* YOUR ASSIGNMENT: Reproduction of part of the material below, pictures omitted: copy exactly, and only, the lines starting with the one with "フィンセント・ファン・ゴッホ" and going on through the one with "Illustration of setting".

* MATERIAL PROVIDED:

BEGIN

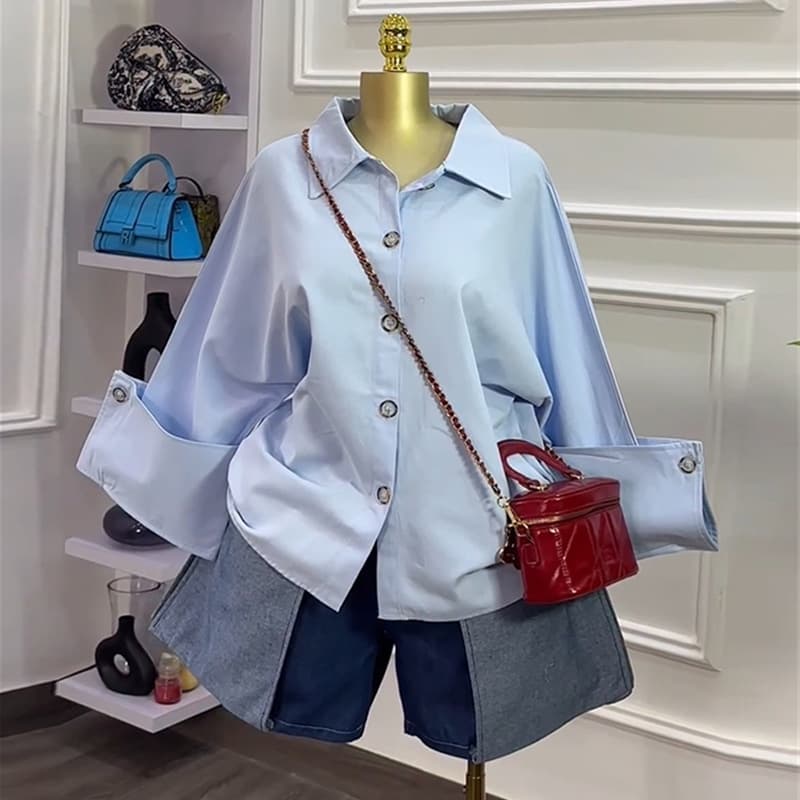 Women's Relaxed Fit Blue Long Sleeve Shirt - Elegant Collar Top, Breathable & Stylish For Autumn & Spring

END
BEGIN

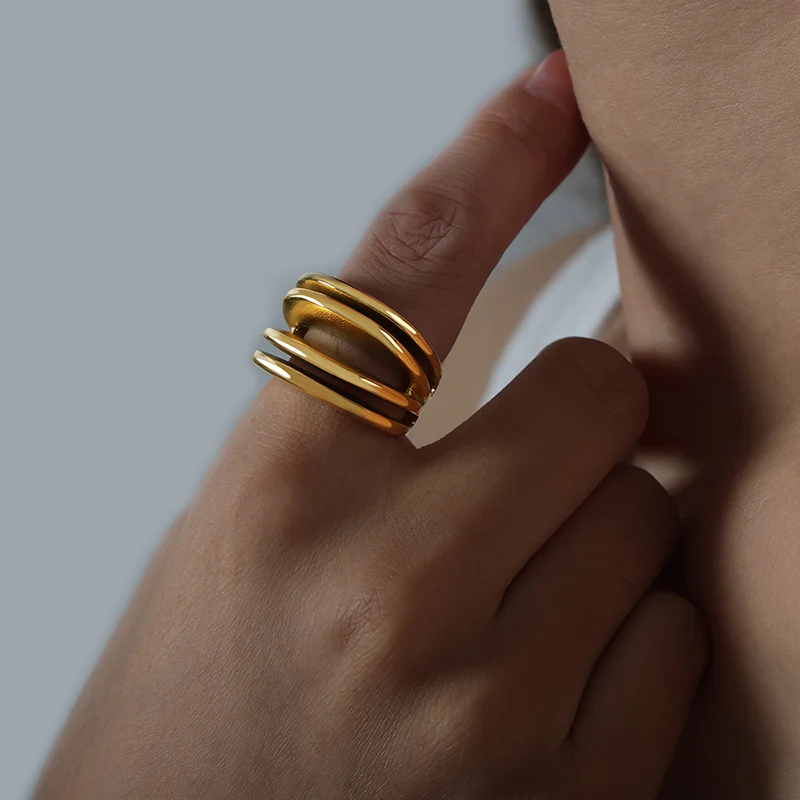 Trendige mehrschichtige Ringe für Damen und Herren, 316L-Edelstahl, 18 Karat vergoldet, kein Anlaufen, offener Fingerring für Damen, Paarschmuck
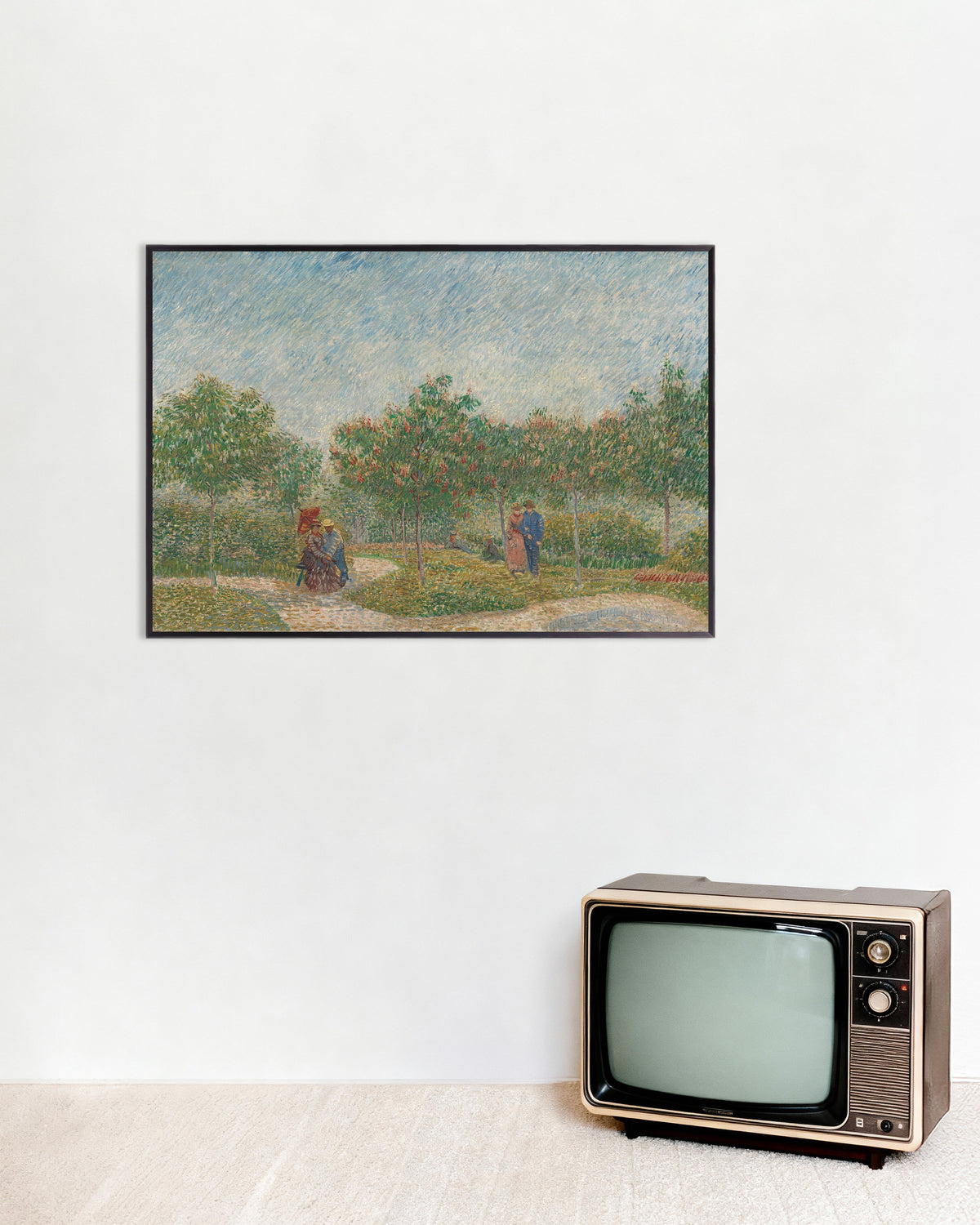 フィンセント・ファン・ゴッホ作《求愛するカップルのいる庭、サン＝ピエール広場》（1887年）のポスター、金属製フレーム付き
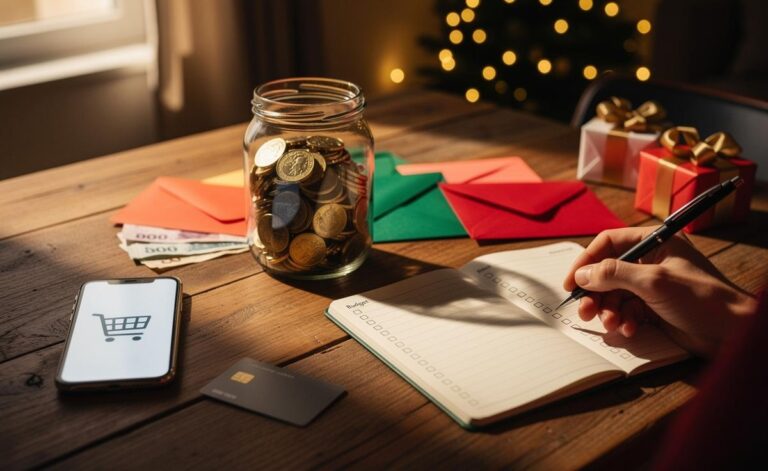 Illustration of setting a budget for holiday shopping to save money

END

* TASK OUTPUT:
 フィンセント・ファン・ゴッホ作《求愛するカップルのいる庭、サン＝ピエール広場》（1887年）のポスター、金属製フレーム付き
 Illustration of setting a budget for holiday shopping to save money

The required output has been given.